**ACTIVITY:**
When copying the records below, omit any image and print everything else exactly.

-- INFORMATION SHOWN follows --

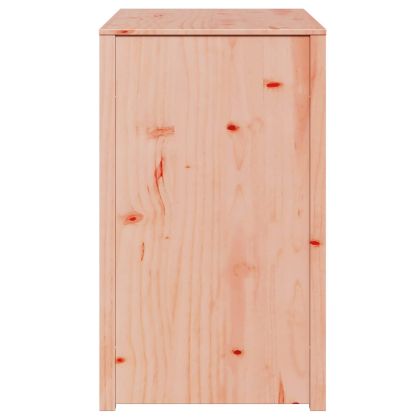 Кухненски шкаф Кафяв дъб 106 x 55 x 92 cm Солидно борово дърво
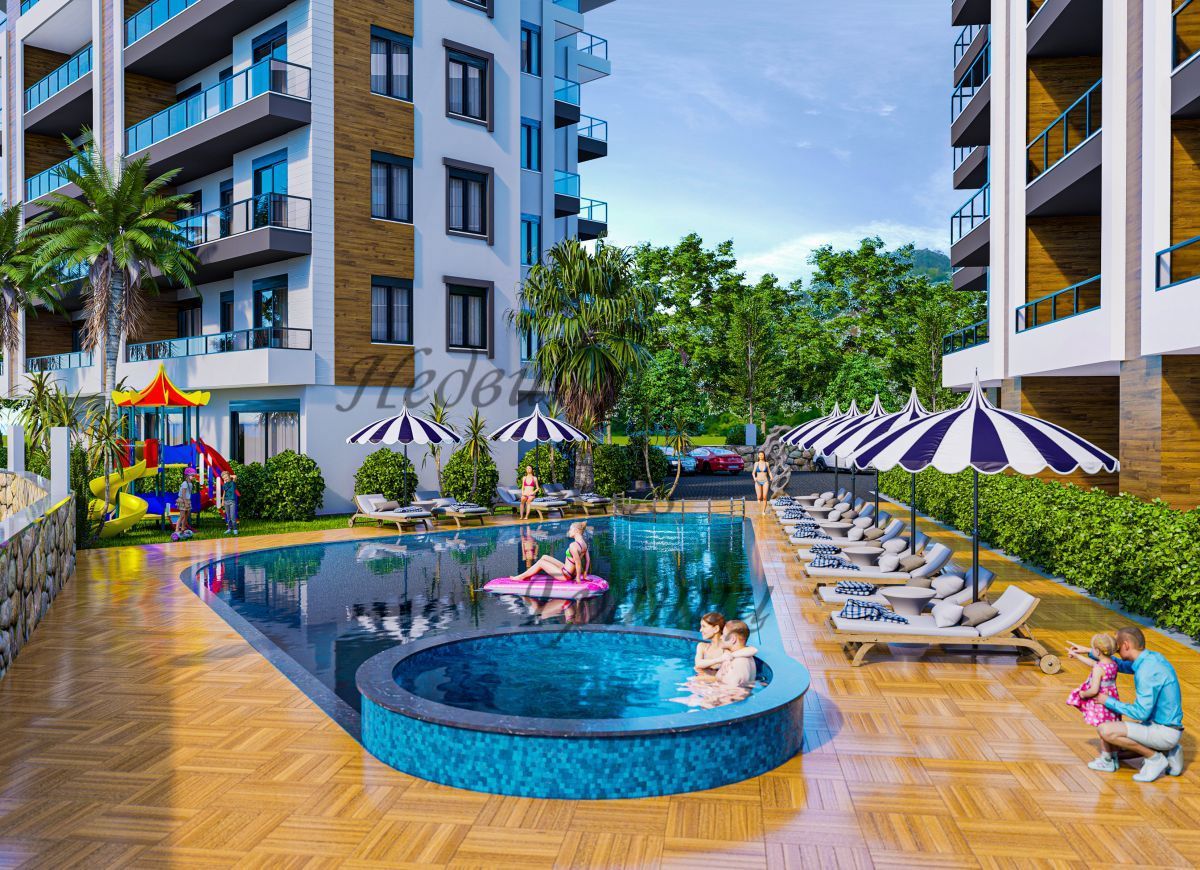 Апартаменты в Алании, Турция, 62 м2 фото 5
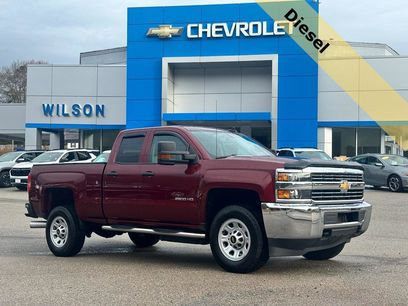 Used 2015 Chevrolet Silverado 2500 W/T w/ WT Convenience Package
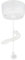 HUBIBUBI White Ceiling Pull Cord Switch, 6Amp 1 Way Bathroom & Toilet Light Switches,2 Ways Lights Switched, Long String Pullcord Round Ceiling Mounted (White, Pull Cord Switch)
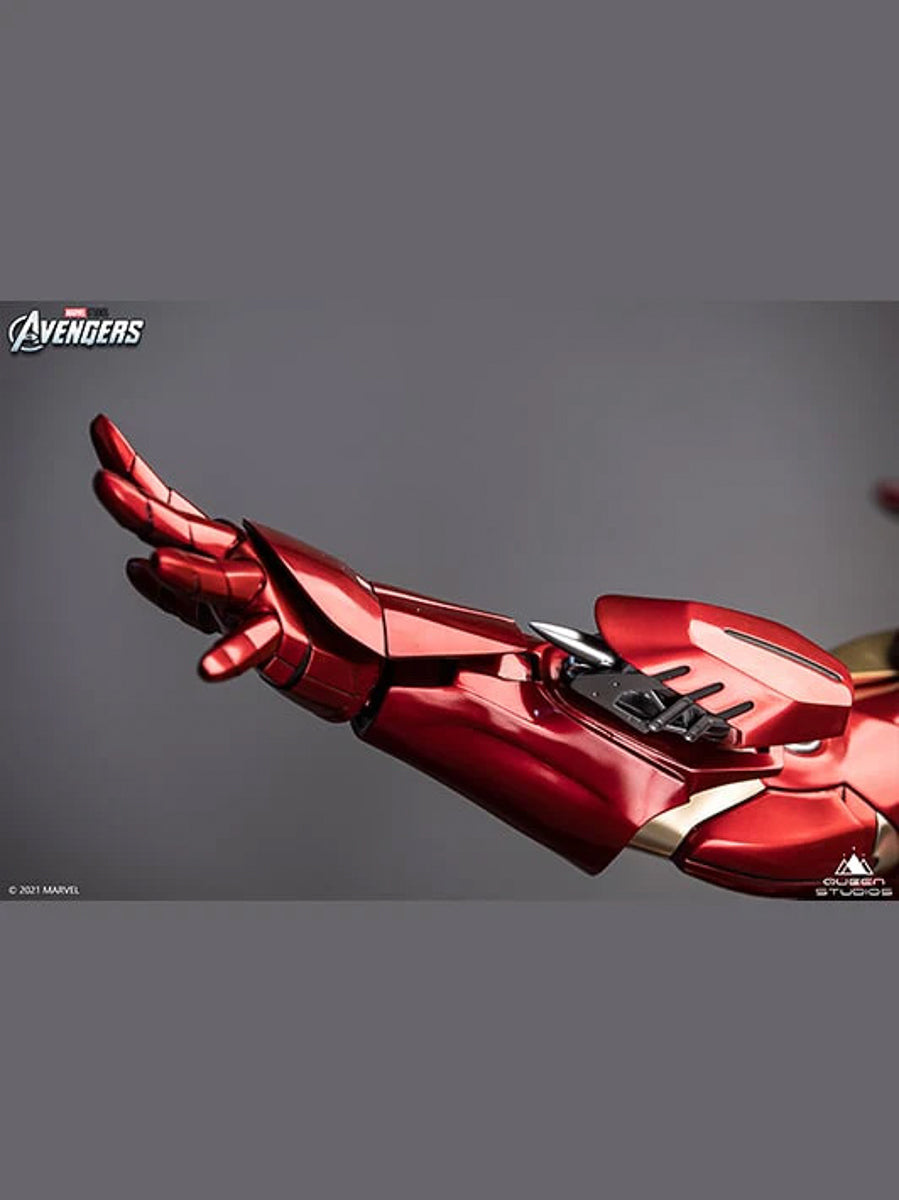 Estátua Iron Man Mark 7 - The Avengers - 1/2 Scale - Queen Studios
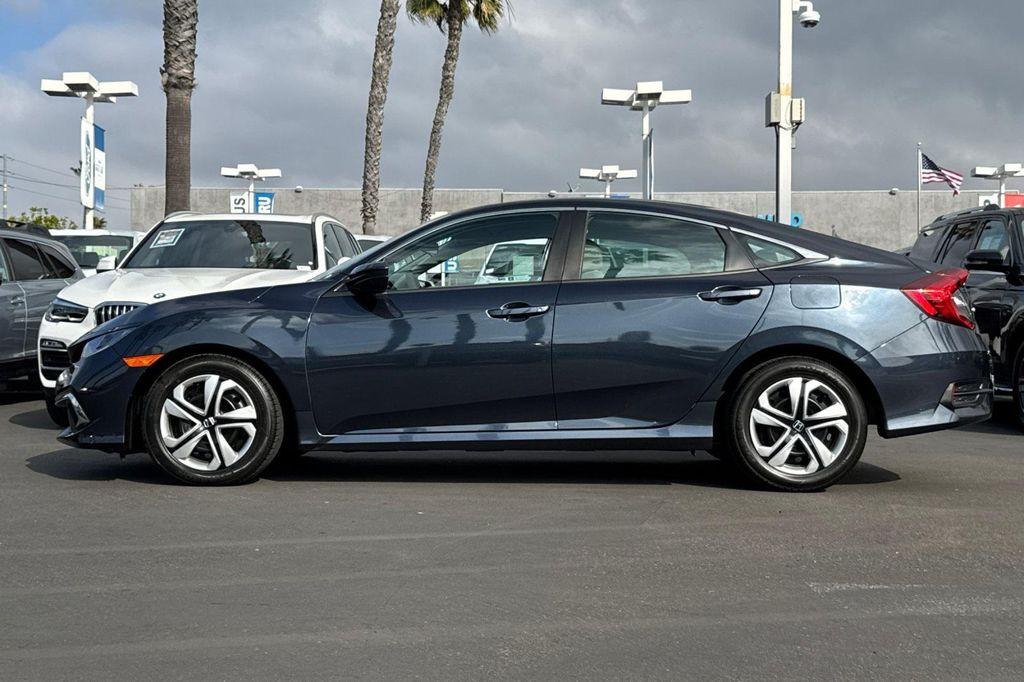 used 2019 Honda Civic car, priced at $18,833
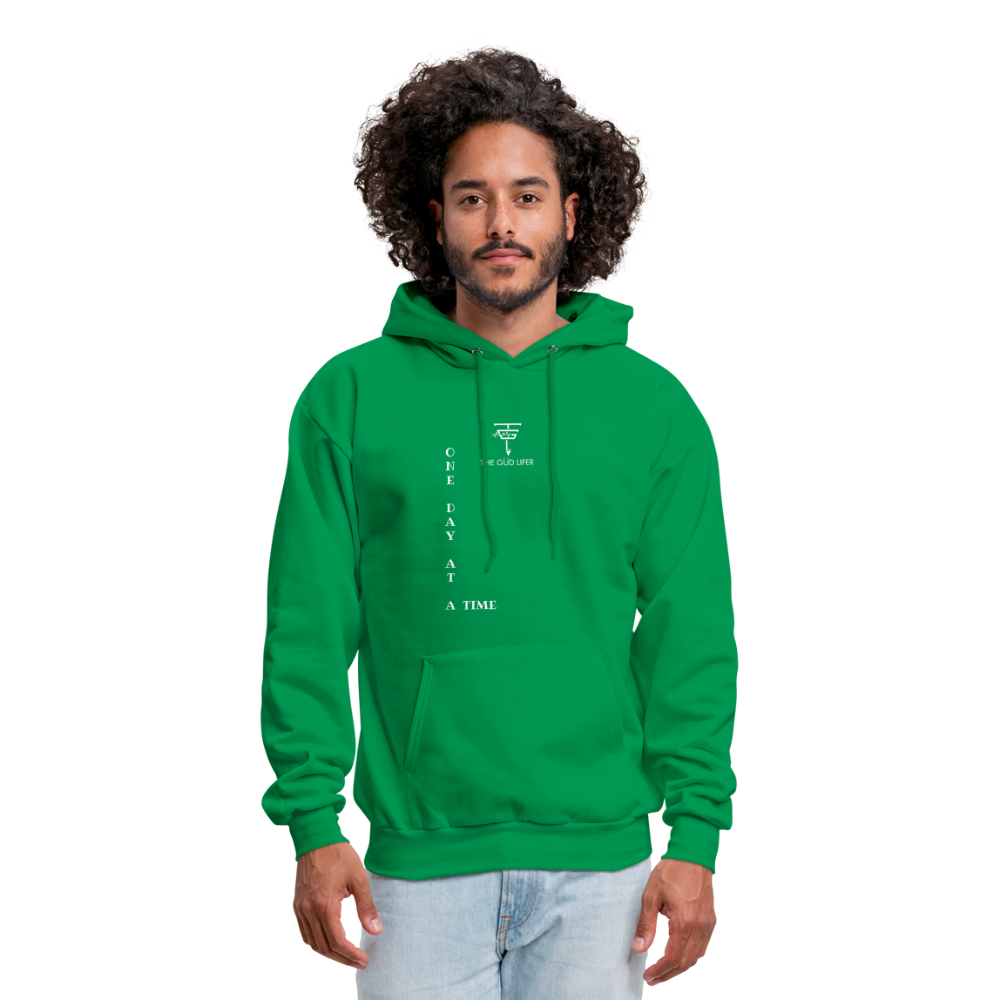 Men's Hoodie - kelly green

-- INFORMATION SHOWN concluded --

**SOLVED EXERCISE:**
 Кухненски шкаф Кафяв дъб 106 x 55 x 92 cm Солидно борово дърво
 Апартаменты в Алании, Турция, 62 м2 фото 5
 Used 2015 Chevrolet Silverado 2500 W/T w/ WT Convenience Package
 HUBIBUBI White Ceiling Pull Cord Switch, 6Amp 1 Way Bathroom & Toilet Light Switches,2 Ways Lights Switched, Long String Pullcord Round Ceiling Mounted (White, Pull Cord Switch)
 Estátua Iron Man Mark 7 - The Avengers - 1/2 Scale - Queen Studios
 used 2019 Honda Civic car, priced at $18,833
 Men's Hoodie - kelly green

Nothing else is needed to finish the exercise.